The artist gives these themes a psychological twist. His
paintings brings to the surface the deepest of Man's dreams and
nightmares, the thirst for purity and the attractions of
profanity, the very point in which the individual gropes for
encounter with and eventual disappearance into his/her own
mystery.

Budiana's spiritual, cosmic-related endeavor, is best
explained in the artist's own words: "Nothing is inherently good
or evil," he says, "but rather all entities and forces move
between positive and negative states. What appears negative in
one context is positive in another. The dissolution of the
physical body in the grave fills us with horror. Yet, with deeper
insight, (this process) allows dead matter to become the basis
for a new life."

Explaining the misty, outlandish atmosphere of most of his
works, he further elaborates: "The ritual process of returning to
a more positive, pure state is symbolized in the mystical
marriage of fire and water. When fire is met by water, the two
neutralize each other, and give rise to a new, more refined
entity: vapor. This can be achieved by the self through
meditation. Vapor symbolizes the spiritual aspect of the person,
which is freed to unify with its pure source.
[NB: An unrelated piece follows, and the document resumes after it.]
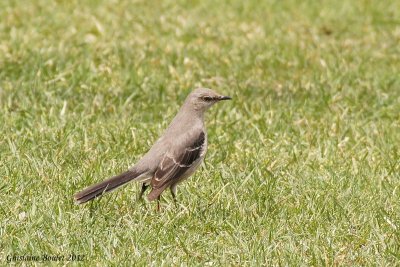 Moqueur polyglotte (Northern Mockingbird)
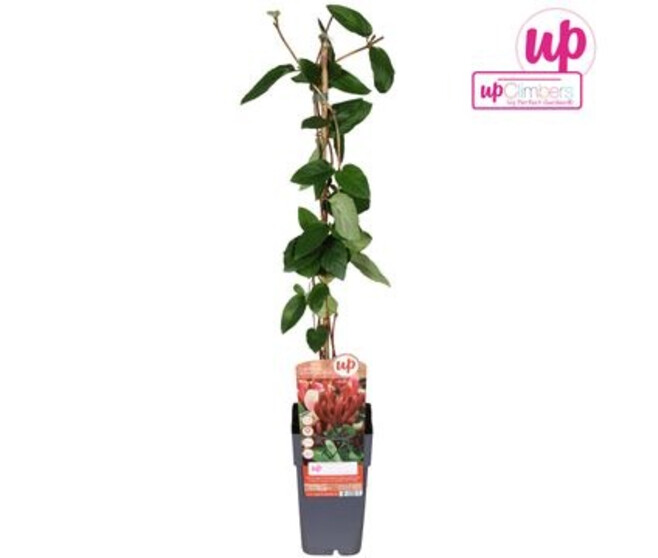 LONICERA RED WORLD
"When achieved in the inner concentration of a holy person,
the union of fire and water produces tirta amerta, the elixir of
life. This water symbolizes a new, purified or more spiritual
phase of life."

This awareness of the artist toward his own creative spiritual
process, and his ability to uncover from the deeper, subconscious
depths of his imagination the haunted shapes that give life and
meaning to the lasting teachings of his culture, makes Budiana
the most rooted, yet arguably the most universal of contemporary
Balinese artists.

Yet, he still awaits recognition in Indonesia. In a national
art world dominated by modernist discourse, and where "other
modernities" are therefore theoretically acceptable, it is a
mystery why Budiana hasn't gained such recognition.

Blindness? Lack of exoticism? Too much of it? Too difficult,
businesswise? Whatever the case, Budiana is one of the most
important "fantastic" artists of our days, and as a soul mate of
Bosch, Fussli, Odilon Redon and others. It is hoped that the
"different brand of beauty" shown in his art will soon gain
acceptance in the country of his birth.

It will be a sign of maturity for the Indonesian art world.